== Instructions to follow ==
Exactly reproduce the lines beginning with the line that includes "Customer photo review" and ending with the last line of the data.

== Source material ==
********************

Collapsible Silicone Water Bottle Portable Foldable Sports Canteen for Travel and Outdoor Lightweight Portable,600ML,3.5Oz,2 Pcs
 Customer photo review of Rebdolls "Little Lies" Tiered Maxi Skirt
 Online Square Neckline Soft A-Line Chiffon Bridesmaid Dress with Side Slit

********************

== Answer area ==
 Customer photo review of Rebdolls "Little Lies" Tiered Maxi Skirt
 Online Square Neckline Soft A-Line Chiffon Bridesmaid Dress with Side Slit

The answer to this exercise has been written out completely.